Steps to create Druid tables: https://wikitech.wikimedia.org/wiki/Analytics/Systems/Superset#Druid_datasources_vs_Druid_tables
Description
Status | Subtype | Assigned | Task | ||
---|---|---|---|---|---|
Resolved | odimitrijevic | T211706 Superset Updates | |||
Resolved | elukey | T249681 Experiment with Druid and SqlAlchemy | |||
Resolved | cchen | T251857 Create Druid tables for Druid datasources in Superset |
Event Timeline
@elukey I created Druid tables from all Druid datasources we have except the followings:
- event_readingdepth
- mediawiki_history_beta
- mediawiki_history_reduced*
- netflow
- tbayer_popups
- test_elukey_webrequest
- test_elukey_wmf_netflow
- test_kafka_event_centralnoticeimpression
- test_wmf_netflow
The error message while creating the table was
Table [druid.mediawiki_history_reduced_2019_12] could not be found, please double check your database connection, schema, and table name, error: This result object does not return rows. It has been closed automatically.
Please confirm these sources are not active or not in use.
Another thing is, for source event_pageissues, the "eventCount" column is missing from the newly created table.
Sources are old, I confirm! Thanks :)
No idea for even_pageissues, will investigate :)
@fdans if you have time this week can you check this task and see what's the issue with event_pageissues?
@cchen just to clarify, is this eventCount column that count measure that druid adds to the datasource, or is it a column that should have been ingested as part of the job?
@fdans this eventCount is a column that should have been ingested as part of the job.
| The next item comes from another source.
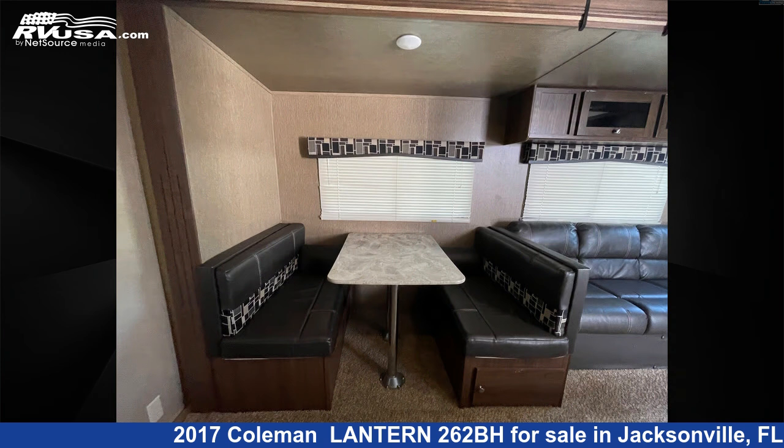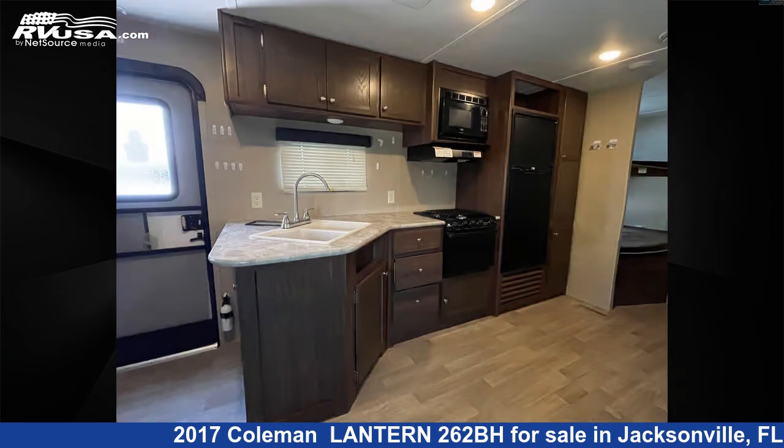and to see all units available for sale by Travel Camp of Orange Park South, visit rvusa.com.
This column is in the Druid datasource, but when mapping the datasource to a Druid table, this column is missing.
event_pageissues: Druid datasource and Druid table
This is the puppet configuration for the job that pulls from Hive and index to Druid:
profile::analytics::refinery::job::eventlogging_to_druid_job { 'pageissues': ensure => 'absent', job_config => { dimensions => 'event.action,event.editCountBucket,event.isAnon,event.issuesSeverity,event.issuesVersion,event.namespaceId,event.sectionNumbers,revision,wiki,useragent.browser_family,useragent.browser_major,useragent.browser_minor,useragent.device_family,useragent.is_bot,useragent.os_family,useragent.os_major,useragent.os_minor', }, }
A couple of notes:
- the job is currently absented, IIUC it was a one off, so only some data is present in Druid
- eventCount is not among the dimensions, so I think it was added manually to superset as extra column, but in theory it shouldn't be needed since it seems a measure (for example, in the Druid table the event count can be easily retrieved via SQL).
@cchen I checked the Druid segments for event_pageissues on Druid and I noticed that they are from 2018-10-03 to 2018-11-05. If I explore the datasource with a simple Table Chart for the past 7 days, I see a "No data" returned, meanwhile if I do the same with the Druid SQL Table I see a count that appears. This is something very strange, maybe a bug in Superset? (or maybe me not seeing the obvious lacking coffee?)
Also, do you need eventCount in this case for some chart/query? (Just to understand the use case, I suspect that we could live without it in the Druid SQL Table).
I checked in the new version of Superset in staging (under testing) and the bug seems gone, weird..
@elukey I forgot to click "submit" button...
There's no charts/query using this. I was checking each table to make sure they are the same as datasource. And yes we can live without this!